In function CallGemm:

// Reversed strides indicates an in-place transpose operation.
inline bool IsInPlaceTransposed(DLTensor* tensor) {
  return tensor->strides && (tensor->strides[1] > tensor->strides[0]);
}

template <typename TGemmOp>
inline void CallGemm(TVMArgs args, TVMRetValue* ret, TGemmOp op) {
  DLTensor* A = args[0];
  DLTensor* B = args[1];
  DLTensor* C = args[2];
  bool transa = args[3];
  bool transb = args[4];
  int bit_depth = sizeof(typename TGemmOp::TDatatype) * 8;
  CHECK_EQ(A->ndim, 2);
  CHECK_EQ(B->ndim, 2);
  CHECK_EQ(C->ndim, 2);

  CHECK_EQ(ElementStride(A), 1);
  CHECK_EQ(ElementStride(B), 1);
  CHECK_EQ(ElementStride(C), 1);

  // C can never be transposed.
  CHECK(!IsInPlaceTransposed(C));

  // Reversed strides indicates an in-place transpose operation.
  transa = IsInPlaceTransposed(A) ? !transa : transa;
  transb = IsInPlaceTransposed(B) ? !transb : transb;

  CHECK(TypeMatch(B->dtype, kDLFloat, bit_depth));
  CHECK(TypeMatch(C->dtype, kDLFloat, bit_depth));
  double alpha = args.size() > 5 ? args[5] : 1.0;
  double beta = args.size() > 6 ? args[6] : 0.0;
  op(transb, transa, ColumnCount(B, transb), RowCount(A, transa), ColumnCount(A, transa),
     static_cast<typename TGemmOp::TDatatype>(alpha),
     reinterpret_cast<typename TGemmOp::TDatatype*>(static_cast<char*>(B->data) + B->byte_offset),
     ColumnStride(B),
     reinterpret_cast<typename TGemmOp::TDatatype*>(static_cast<char*>(A->data) + A->byte_offset),
     ColumnStride(A), static_cast<typename TGemmOp::TDatatype>(beta),
     reinterpret_cast<typename TGemmOp::TDatatype*>(static_cast<char*>(C->data) + C->byte_offset),
     ColumnStride(C));
}

I wonder whether these two checks are redundant?
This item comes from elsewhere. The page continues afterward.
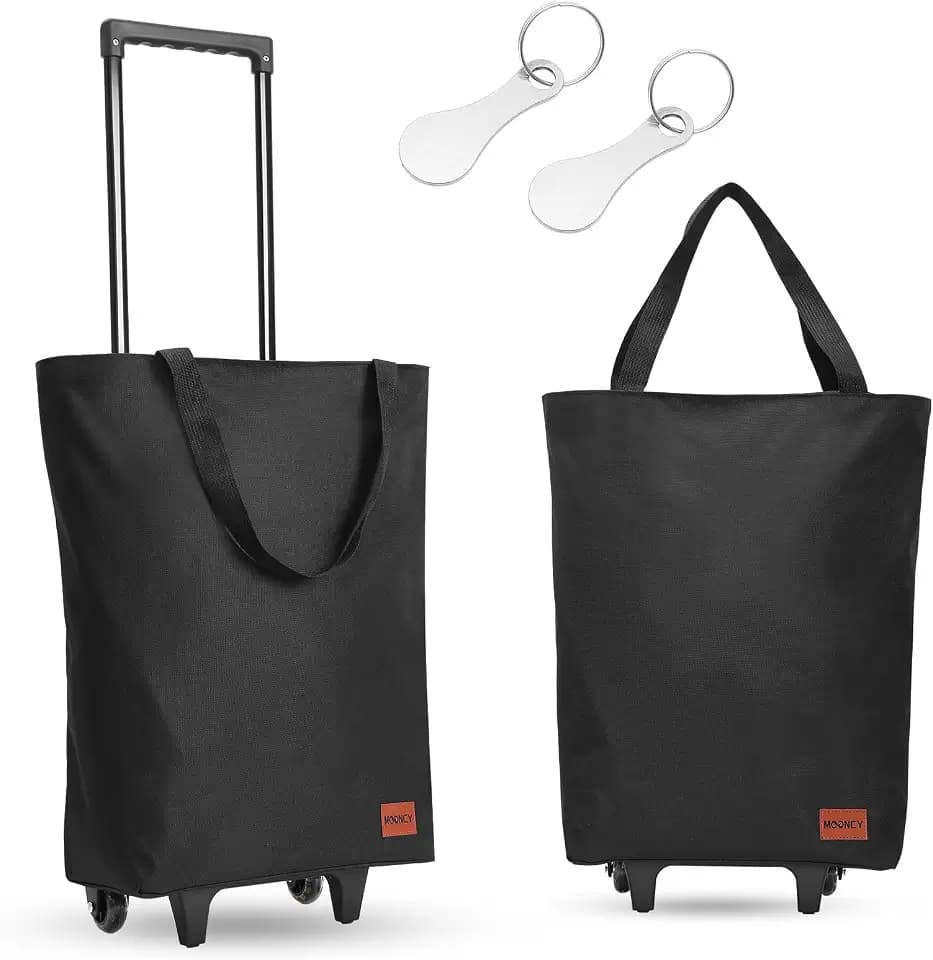 MOONCY 2-in-1 Einkaufstrolley, 30L Große Einkaufstasche auf Rollen, Leichter Einkaufswagen Klappbar für Camping und Reisen, Inklusive Einkaufswagenlöser, Schwarz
  // Reversed strides indicates an in-place transpose operation.
  transa = IsInPlaceTransposed(A) ? !transa : transa;
  transb = IsInPlaceTransposed(B) ? !transb : transb;

Since A and B here must be row-majored (B in op call is ahead of A, which is a trick for using col-majored matmul on row-majored stored A and B), A and B must have decreased strides.
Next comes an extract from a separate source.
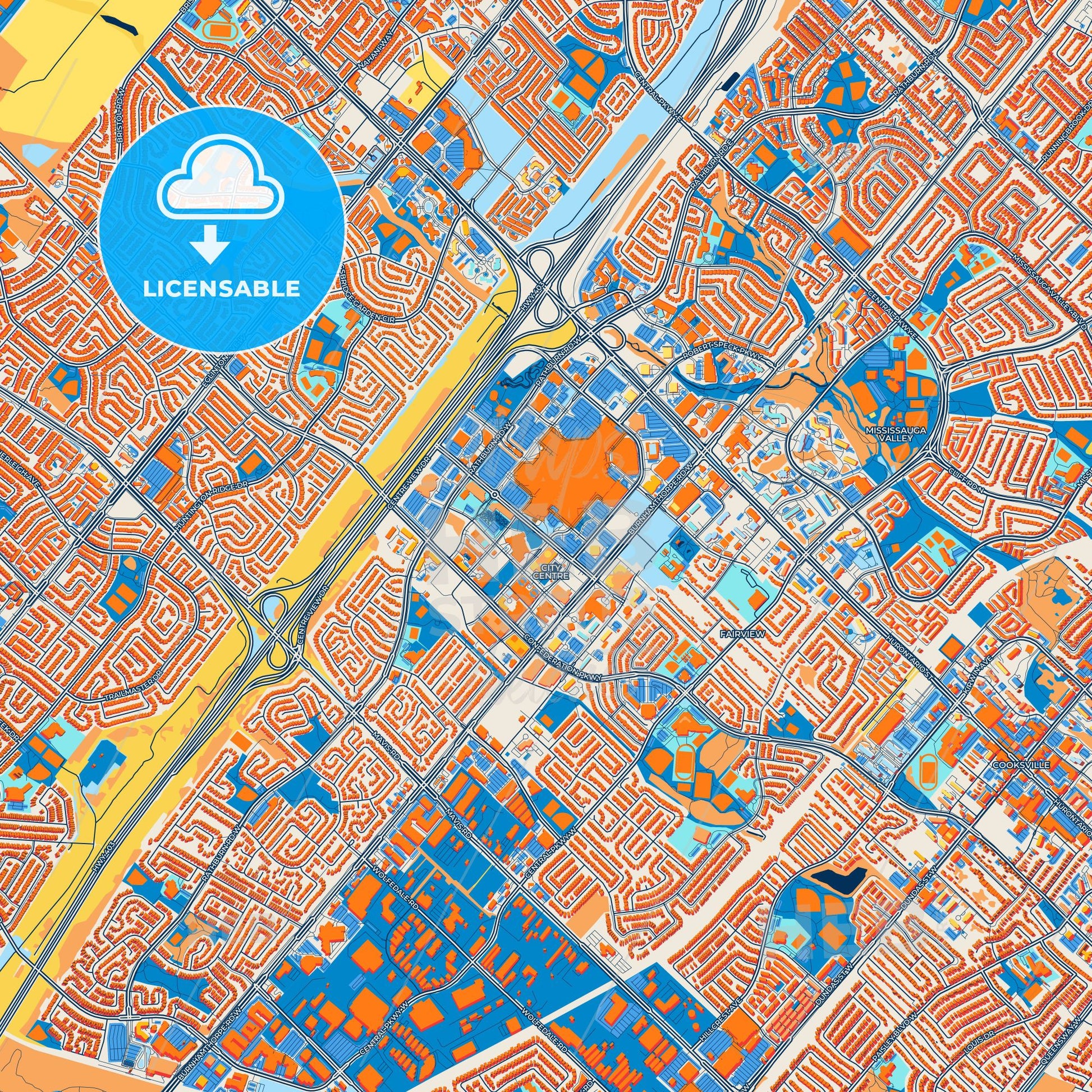 Colorful Mississauga Street Map with Labels and Buildings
That is to say, A->stride[0] must be greater than A->stride[1]. So, IsInPlaceTransposed(A) must be True.

declmal · September 26, 2020, 11:17am

I found in wiki link, that by definition, a row-major tensor should have decreased strides.

So, A or B here can either be row-major or column-major, that’s why we need IsInPlaceTransposed . (Although in tvm, tensors are most commonly stored in row-major.)
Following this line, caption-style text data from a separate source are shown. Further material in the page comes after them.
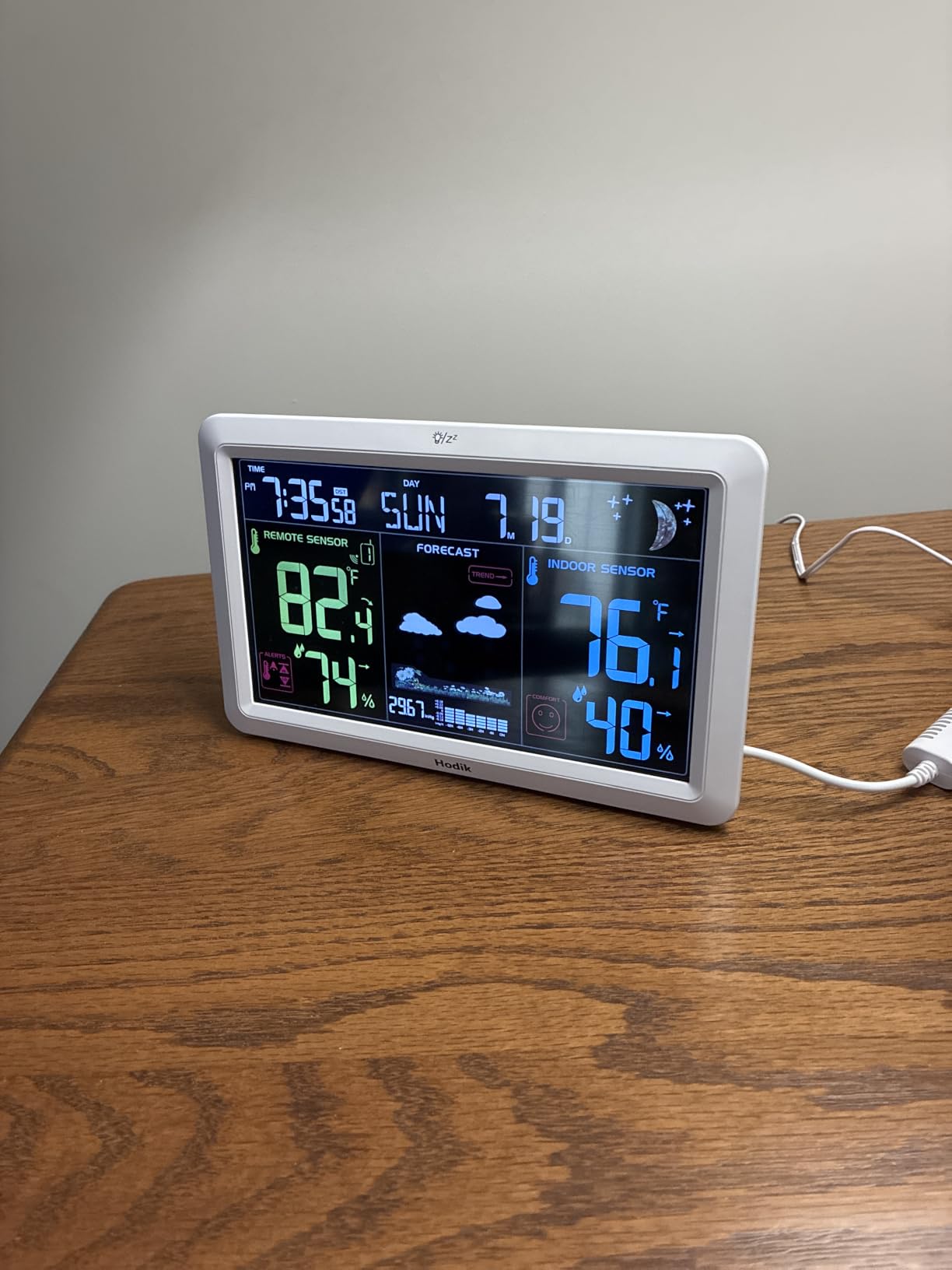 Weather Station Wireless Indoor Outdoor Thermometer Clock (White) | Home Room Weather Stations Outside Thermometer Clock with Temperature and Humidity Monitor Outdoor Clock Thermometer Combo customer photo 1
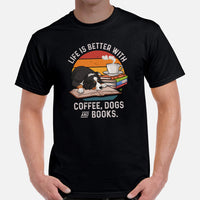 Berner Dog Themed Clothes - Canine Tee Shirt For Humans - Gifts for Dog Lovers - Life Is Perfect With Dogs, Dogs And Coffee T-Shirt - Black, Men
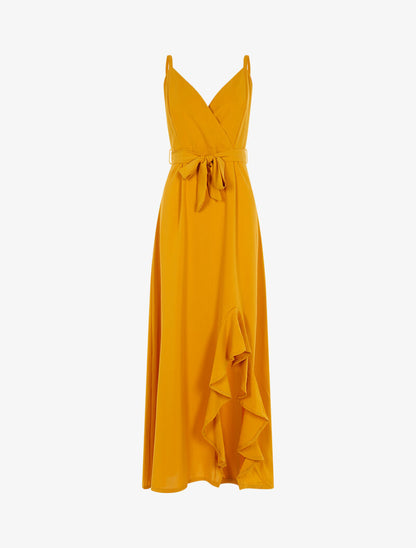 Robe longue à bord fendu volanté - jaune - 1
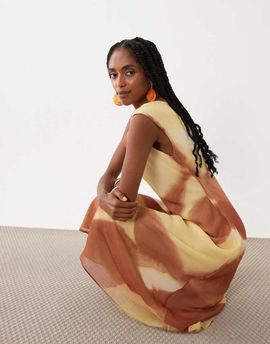 Mango Mango sleeveless maxi dress in orange watercolor print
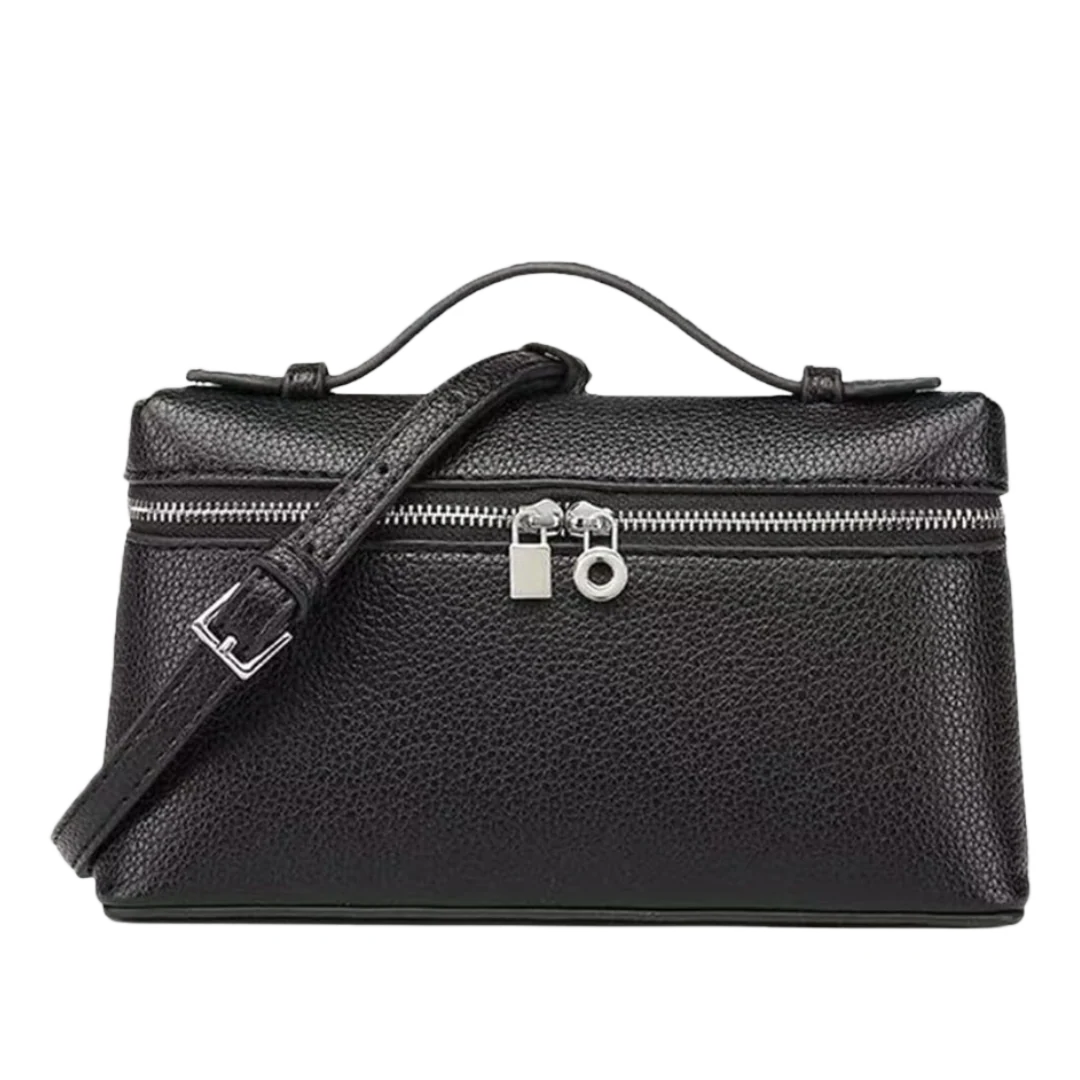 Loro Piana Leather Top Handle Bag Black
Finally I understand that my confusion actually comes from the necessity of the arguments transa and transb in ./python/tvm/contrib/cblas.py.

Since A is DLTensor*, I think transa can be determined by A->strides:

if A->strides[0] > A->strides[1], A is inferred to be row major, transa=False.
otherwise, A is inferred to be column major, transa=True.

So as to transb.

PS.

In C interface of the CBLAS, the matmul interface is given as follows:

void cblas_sgemm(const CBLAS_LAYOUT Layout, const CBLAS_TRANSPOSE TransA,
                               const CBLAS_TRANSPOSE TransB, const MKL_INT M, const MKL_INT N,
                               const MKL_INT K, const float alpha, const float *A,
                               const MKL_INT lda, const float *B, const MKL_INT ldb,
                               const float beta, float *C, const MKL_INT ldc) NOTHROW;

we need TransA and TransB here because A and B here are just pointers instead of DLTensor*, there is no clue whether A is column-major or row-major.

tqchen · September 26, 2020, 4:36pm

DLTensor requires that the data stores in row major and all the logics are based on the row major assumption.

Most CBLAS interface assumes the input is col major if i recall correctly.

declmal · September 27, 2020, 12:56am

Thanks for clearance @tqchen, the code is much more readable to me now.